**Exercise requirements:** Please copy all of the records exactly, leaving nothing out.

**Record excerpts:**
####
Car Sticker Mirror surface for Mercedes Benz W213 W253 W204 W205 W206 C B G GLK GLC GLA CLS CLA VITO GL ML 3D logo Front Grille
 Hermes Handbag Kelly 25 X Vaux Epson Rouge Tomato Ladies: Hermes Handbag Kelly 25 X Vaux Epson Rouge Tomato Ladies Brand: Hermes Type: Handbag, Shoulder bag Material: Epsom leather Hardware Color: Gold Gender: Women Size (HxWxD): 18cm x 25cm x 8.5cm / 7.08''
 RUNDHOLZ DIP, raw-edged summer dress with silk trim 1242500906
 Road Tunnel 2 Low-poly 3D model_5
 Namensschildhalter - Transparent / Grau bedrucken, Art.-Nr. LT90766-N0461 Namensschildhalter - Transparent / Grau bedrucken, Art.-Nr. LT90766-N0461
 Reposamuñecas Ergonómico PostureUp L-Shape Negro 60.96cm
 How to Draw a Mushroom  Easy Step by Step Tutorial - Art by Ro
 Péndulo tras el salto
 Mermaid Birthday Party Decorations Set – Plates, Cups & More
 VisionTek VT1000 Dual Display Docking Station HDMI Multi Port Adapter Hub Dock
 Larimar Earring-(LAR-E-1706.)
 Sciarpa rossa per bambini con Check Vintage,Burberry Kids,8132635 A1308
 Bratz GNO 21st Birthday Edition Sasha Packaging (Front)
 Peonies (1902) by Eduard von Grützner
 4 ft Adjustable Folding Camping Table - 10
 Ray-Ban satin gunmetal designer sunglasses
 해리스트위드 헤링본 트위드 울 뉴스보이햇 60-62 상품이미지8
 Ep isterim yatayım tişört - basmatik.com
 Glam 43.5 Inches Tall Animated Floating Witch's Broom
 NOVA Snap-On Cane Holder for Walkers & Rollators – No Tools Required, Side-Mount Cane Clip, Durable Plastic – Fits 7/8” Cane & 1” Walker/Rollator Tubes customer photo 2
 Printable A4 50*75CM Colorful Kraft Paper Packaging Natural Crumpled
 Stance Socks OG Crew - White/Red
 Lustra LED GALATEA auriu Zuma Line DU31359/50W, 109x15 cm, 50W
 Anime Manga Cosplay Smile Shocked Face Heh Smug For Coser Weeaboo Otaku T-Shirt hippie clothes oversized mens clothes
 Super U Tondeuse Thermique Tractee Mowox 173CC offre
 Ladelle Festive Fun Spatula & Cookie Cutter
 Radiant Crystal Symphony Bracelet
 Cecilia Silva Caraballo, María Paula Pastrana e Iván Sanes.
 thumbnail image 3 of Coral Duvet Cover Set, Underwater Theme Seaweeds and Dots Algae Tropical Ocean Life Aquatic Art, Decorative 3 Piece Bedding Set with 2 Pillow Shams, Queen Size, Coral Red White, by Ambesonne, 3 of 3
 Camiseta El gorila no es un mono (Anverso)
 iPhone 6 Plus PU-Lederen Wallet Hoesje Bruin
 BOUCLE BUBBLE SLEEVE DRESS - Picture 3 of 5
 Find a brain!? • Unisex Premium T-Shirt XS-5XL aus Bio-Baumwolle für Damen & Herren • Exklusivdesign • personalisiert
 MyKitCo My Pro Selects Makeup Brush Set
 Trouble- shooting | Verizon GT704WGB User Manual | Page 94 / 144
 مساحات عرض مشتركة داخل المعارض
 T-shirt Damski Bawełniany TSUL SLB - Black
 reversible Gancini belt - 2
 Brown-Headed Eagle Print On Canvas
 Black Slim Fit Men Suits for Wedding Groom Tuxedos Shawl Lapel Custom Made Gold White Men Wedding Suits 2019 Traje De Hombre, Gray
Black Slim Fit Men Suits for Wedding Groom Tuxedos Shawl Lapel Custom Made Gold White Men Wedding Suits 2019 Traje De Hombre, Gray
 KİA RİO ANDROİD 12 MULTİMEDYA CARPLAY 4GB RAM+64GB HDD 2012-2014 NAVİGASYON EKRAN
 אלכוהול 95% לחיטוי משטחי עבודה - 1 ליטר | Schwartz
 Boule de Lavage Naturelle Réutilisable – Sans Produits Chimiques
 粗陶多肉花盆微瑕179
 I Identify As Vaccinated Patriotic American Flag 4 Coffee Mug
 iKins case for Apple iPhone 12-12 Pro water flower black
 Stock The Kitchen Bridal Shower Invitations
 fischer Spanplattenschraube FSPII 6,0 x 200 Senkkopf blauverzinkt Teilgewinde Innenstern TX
####
**Answer to the problem:**
Car Sticker Mirror surface for Mercedes Benz W213 W253 W204 W205 W206 C B G GLK GLC GLA CLS CLA VITO GL ML 3D logo Front Grille
 Hermes Handbag Kelly 25 X Vaux Epson Rouge Tomato Ladies: Hermes Handbag Kelly 25 X Vaux Epson Rouge Tomato Ladies Brand: Hermes Type: Handbag, Shoulder bag Material: Epsom leather Hardware Color: Gold Gender: Women Size (HxWxD): 18cm x 25cm x 8.5cm / 7.08''
 RUNDHOLZ DIP, raw-edged summer dress with silk trim 1242500906
 Road Tunnel 2 Low-poly 3D model_5
 Namensschildhalter - Transparent / Grau bedrucken, Art.-Nr. LT90766-N0461 Namensschildhalter - Transparent / Grau bedrucken, Art.-Nr. LT90766-N0461
 Reposamuñecas Ergonómico PostureUp L-Shape Negro 60.96cm
 How to Draw a Mushroom  Easy Step by Step Tutorial - Art by Ro
 Péndulo tras el salto
 Mermaid Birthday Party Decorations Set – Plates, Cups & More
 VisionTek VT1000 Dual Display Docking Station HDMI Multi Port Adapter Hub Dock
 Larimar Earring-(LAR-E-1706.)
 Sciarpa rossa per bambini con Check Vintage,Burberry Kids,8132635 A1308
 Bratz GNO 21st Birthday Edition Sasha Packaging (Front)
 Peonies (1902) by Eduard von Grützner
 4 ft Adjustable Folding Camping Table - 10
 Ray-Ban satin gunmetal designer sunglasses
 해리스트위드 헤링본 트위드 울 뉴스보이햇 60-62 상품이미지8
 Ep isterim yatayım tişört - basmatik.com
 Glam 43.5 Inches Tall Animated Floating Witch's Broom
 NOVA Snap-On Cane Holder for Walkers & Rollators – No Tools Required, Side-Mount Cane Clip, Durable Plastic – Fits 7/8” Cane & 1” Walker/Rollator Tubes customer photo 2
 Printable A4 50*75CM Colorful Kraft Paper Packaging Natural Crumpled
 Stance Socks OG Crew - White/Red
 Lustra LED GALATEA auriu Zuma Line DU31359/50W, 109x15 cm, 50W
 Anime Manga Cosplay Smile Shocked Face Heh Smug For Coser Weeaboo Otaku T-Shirt hippie clothes oversized mens clothes
 Super U Tondeuse Thermique Tractee Mowox 173CC offre
 Ladelle Festive Fun Spatula & Cookie Cutter
 Radiant Crystal Symphony Bracelet
 Cecilia Silva Caraballo, María Paula Pastrana e Iván Sanes.
 thumbnail image 3 of Coral Duvet Cover Set, Underwater Theme Seaweeds and Dots Algae Tropical Ocean Life Aquatic Art, Decorative 3 Piece Bedding Set with 2 Pillow Shams, Queen Size, Coral Red White, by Ambesonne, 3 of 3
 Camiseta El gorila no es un mono (Anverso)
 iPhone 6 Plus PU-Lederen Wallet Hoesje Bruin
 BOUCLE BUBBLE SLEEVE DRESS - Picture 3 of 5
 Find a brain!? • Unisex Premium T-Shirt XS-5XL aus Bio-Baumwolle für Damen & Herren • Exklusivdesign • personalisiert
 MyKitCo My Pro Selects Makeup Brush Set
 Trouble- shooting | Verizon GT704WGB User Manual | Page 94 / 144
 مساحات عرض مشتركة داخل المعارض
 T-shirt Damski Bawełniany TSUL SLB - Black
 reversible Gancini belt - 2
 Brown-Headed Eagle Print On Canvas
 Black Slim Fit Men Suits for Wedding Groom Tuxedos Shawl Lapel Custom Made Gold White Men Wedding Suits 2019 Traje De Hombre, Gray
Black Slim Fit Men Suits for Wedding Groom Tuxedos Shawl Lapel Custom Made Gold White Men Wedding Suits 2019 Traje De Hombre, Gray
 KİA RİO ANDROİD 12 MULTİMEDYA CARPLAY 4GB RAM+64GB HDD 2012-2014 NAVİGASYON EKRAN
 אלכוהול 95% לחיטוי משטחי עבודה - 1 ליטר | Schwartz
 Boule de Lavage Naturelle Réutilisable – Sans Produits Chimiques
 粗陶多肉花盆微瑕179
 I Identify As Vaccinated Patriotic American Flag 4 Coffee Mug
 iKins case for Apple iPhone 12-12 Pro water flower black
 Stock The Kitchen Bridal Shower Invitations
 fischer Spanplattenschraube FSPII 6,0 x 200 Senkkopf blauverzinkt Teilgewinde Innenstern TX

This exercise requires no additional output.